First: You wrote that "These hosts all use the same identifying rDNS entry". That is really bad practice as your reverse lookups are not consistent in that case: The reverse lookup of an IP address will not necessarily resolve back to the IP in question, rendering the reverse lookup nearly useless, both in its sense and in practice.

Second: I really wonder about the described scenario where IP addresses of users being allowed to relay change often, but every new IP is getting a reverse lookup matching your relay rule. If there is "some" technique automatically setting PTR records for the IPs in question, the same technique should be usable to automatically add them to the list of allowed relayers.

In any case, you should better use IP based relaying instead of relying on the hostname. The reason for that is that anybody who controls PTR records for some IP address space can easily invent hostnames matching your relay rule with a faked record. This means that anybody pretending to be allowed to relay will be allowed to relay.

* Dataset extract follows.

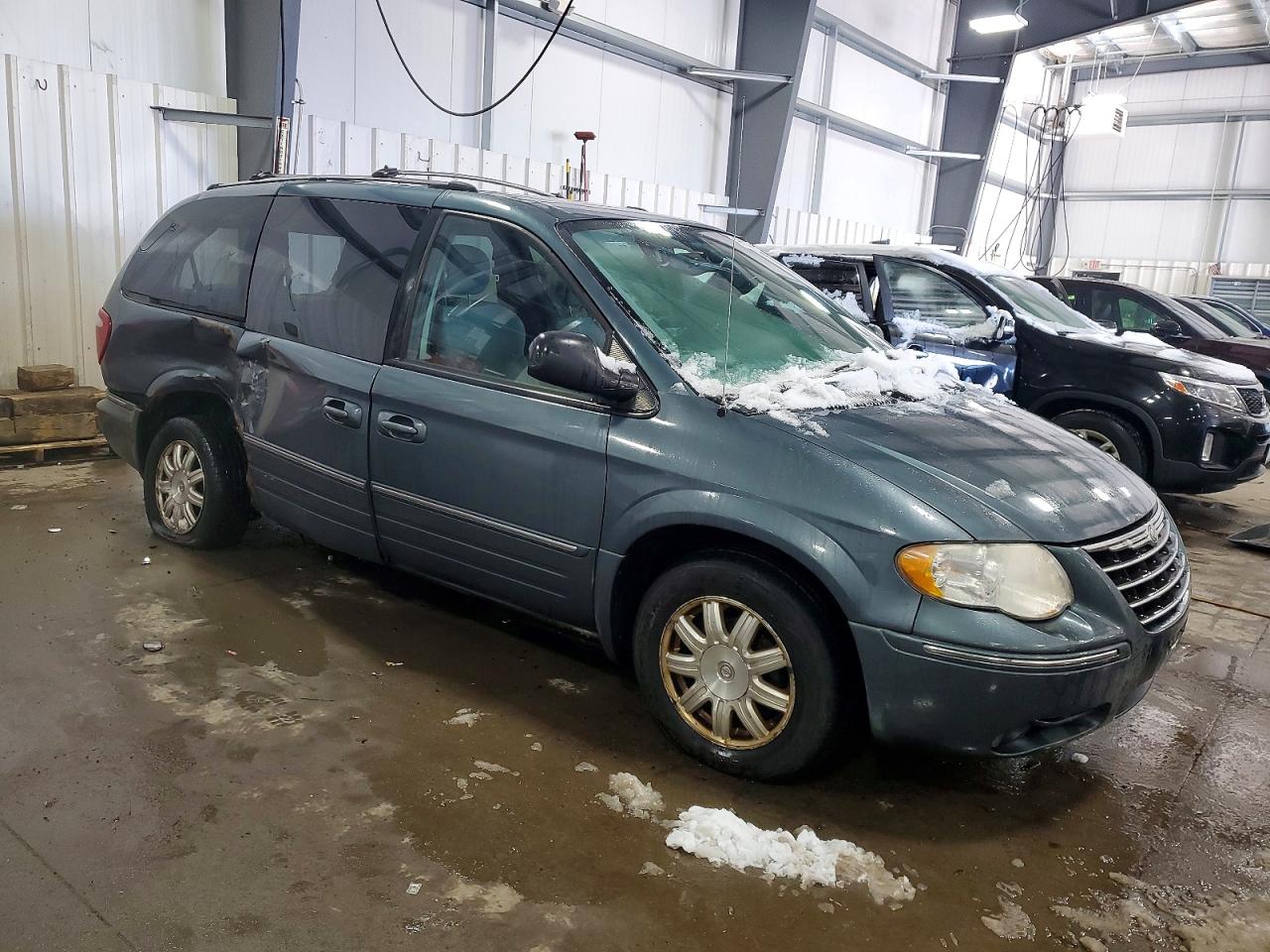 2005 CHRYSLER TOWN & COUNTRY LIMITED photo 4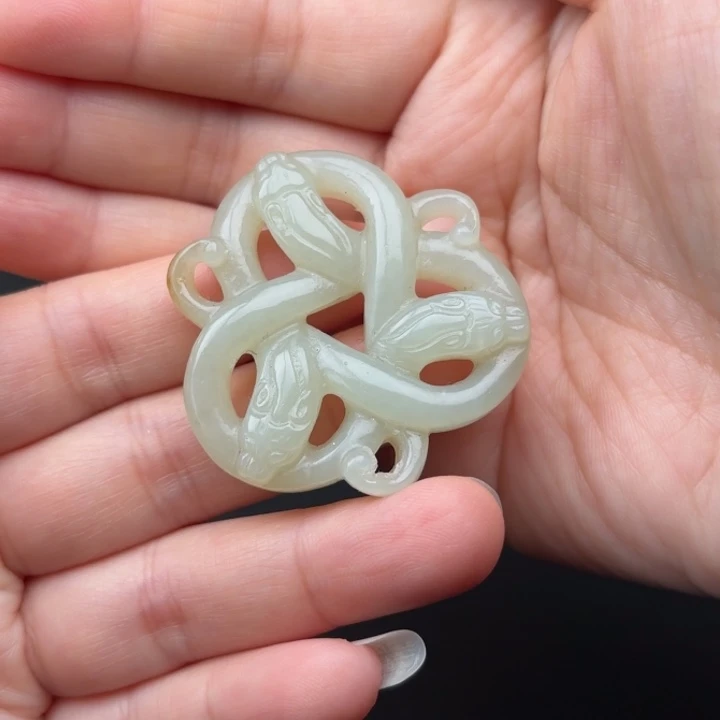 未镶嵌和田玉挂件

If you're running qmail under tcpserver you can work around this by setting the -P option (paranoid mode). It automatically ignores the reverse lookup of an IP address if the hostname resulting from the lookup does not resolve back to the connecting IP. Beware that this option ("paranoid mode") is off by default - and it will not work with your "all IP addresses have the same reverse lookup". As I said, it's bad practice anyway, and breaking tcpserver's paranoid mode is a good example.